Beginning in the 1860s, Canadian commentators began to see the need for an admiralty court with jurisdiction over commerce on the Great Lakes. After Confederation, early legislative proposals would have conferred admiralty jurisdiction on the Supreme Court of Canada but the court, created by statute in 1875, was not given such jurisdiction.

In 1877, the parliament of Canada established the Maritime Court of Ontario by the Maritime Jurisdiction Act, 1877. The statute came into force on July 7, 1877.

In 1891, the Exchequer Court of Canada became Canada's admiralty court pursuant to the Admiralty Act, 1891, SC 1891 (54–55 Vict), c 29. The Maritime Court of Ontario was accordingly abolished; its territory became known as the "Toronto Admiralty District" of the new court. The Exchequer Court was continued and reorganized in 1971 as the Federal Court of Canada.

== Jurisdiction ==
The Maritime Court of Ontario had all jurisdiction exercised by then-existing British vice-admiralty courts in similar matters. It could hear both contract and tort claims. Its jurisdiction extended to proceedings in rem and in personam related to navigation, shipping, trade, or commerce on any river, lake, canal, or inland water located in whole or in part in Ontario.
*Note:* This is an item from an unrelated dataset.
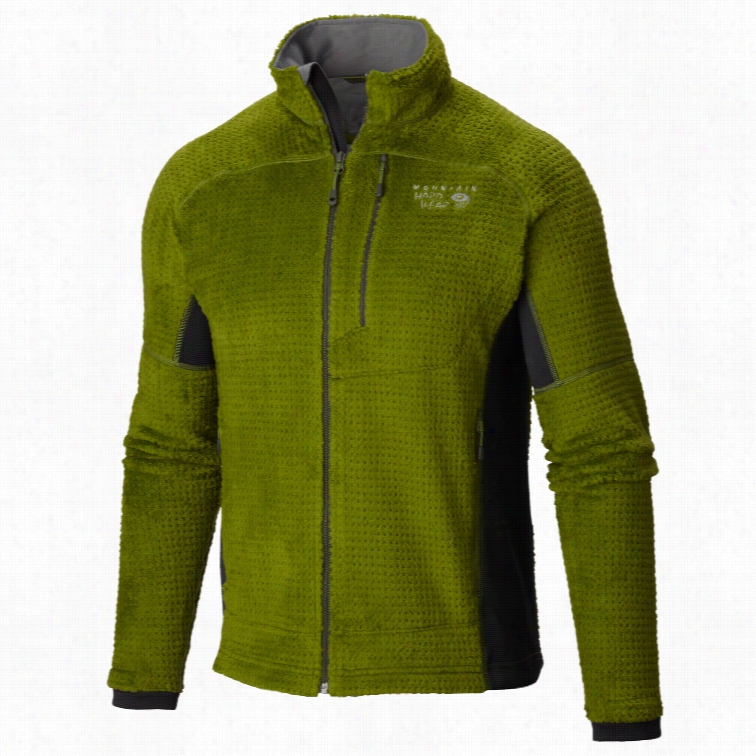 Mountaim Hardwear Monkey Man Grid Ii Fleece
== Practice and procedure ==
When the Maritime Court of Ontario was established, common law and equity had not yet been fused in Ontario. The rules of practice in the Maritime Court were modelled on the general orders of the Court of Chancery of Upper Canada.

The judges of the Maritime Court were the county judges of the county of York sitting in Toronto.

Appeals lay directly from the Maritime Court of Ontario to the Supreme Court of Canada.

== Sources ==
- Bushnell, Ian (1997). "The Federal Court of Canada: A History, 1875–1992"
- Cox, R. Gregory (1888). "The Maritime Court of Ontario"
- O'Sullivan, D. A (1879). "A Manual of Government in Canada"
- Stone, Arthur J. (2002). "Canada's Admiralty Court in the Twentieth Century"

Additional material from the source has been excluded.